Imaging SV2A in Mood Disorders

Description

The goal of the study is to determine whether there are alterations in synaptic vesicle glycoprotein 2A (SV2A), a protein expressed ubiquitously in synaptic vesicles, in depression and anxiety and whether ketamine, an N-Methyl-D-aspartate (NMDA) antagonist, normalizes SV2A density at time of its greatest anti-depressant response. This study will conduct an examination of SV2A and associated consequences using neuroreceptor imaging and behavioral techniques for the following aims.

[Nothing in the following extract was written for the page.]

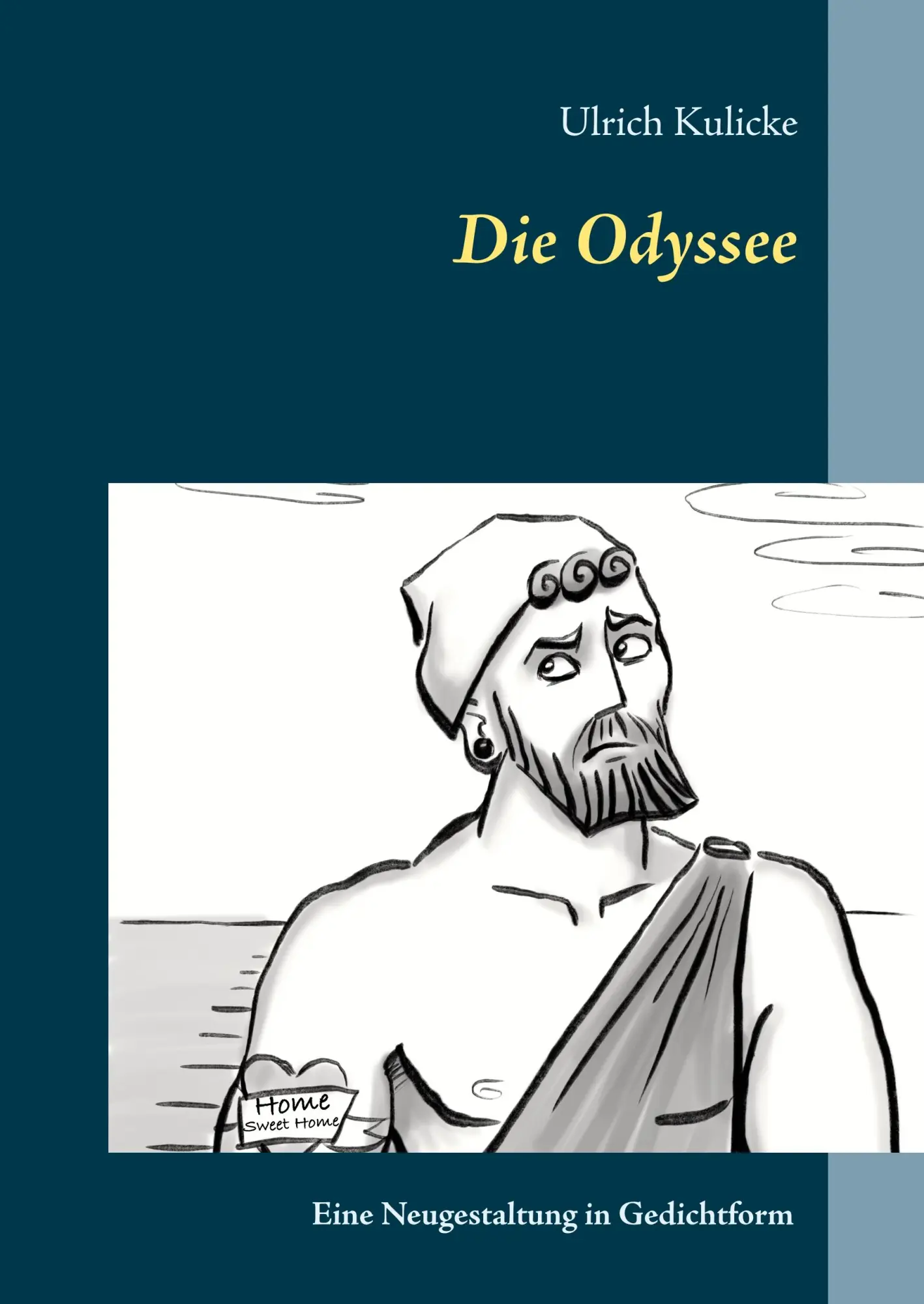 Cover: 9783752855067 | Die Odyssee | Eine Neugestaltung in Gedichtform | Ulrich Kulicke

Aim 1: To compare SV2A availability in individuals with MDD, healthy control individuals, bipolar individuals, and individuals with PTSD using APP311 or SDM-8 (aka SynVesT-1) and PET.

Hypothesis 1: This study hypothesizes lower SV2A density in MDD, BD, and PTSD in the prefrontal cortex.

Aim 2: To determine whether ketamine administration alters SV2A density in HC, MDD, and PTSD individuals.

Hypothesis 2: This study hypothesizes administration of ketamine will lead to a significant increase in SV2A density in all subject groups (HC, MDD, and PTSD), and this increase will correlate with antidepressant response in individuals with MDD.

Aim 3: To determine the extent of SV2A density changes after prolonged treatment with ketamine in individuals with depression (n=10).

Hypothesis 3: We hypothesize ketamine treatment will increase SV2A density in these individuals. These are individuals who are undergoing ketamine treatment at Yale, CMHC, or surrounding clinics.

Aim 4: To examine changes in SV2A associated with gender within each psychiatric group.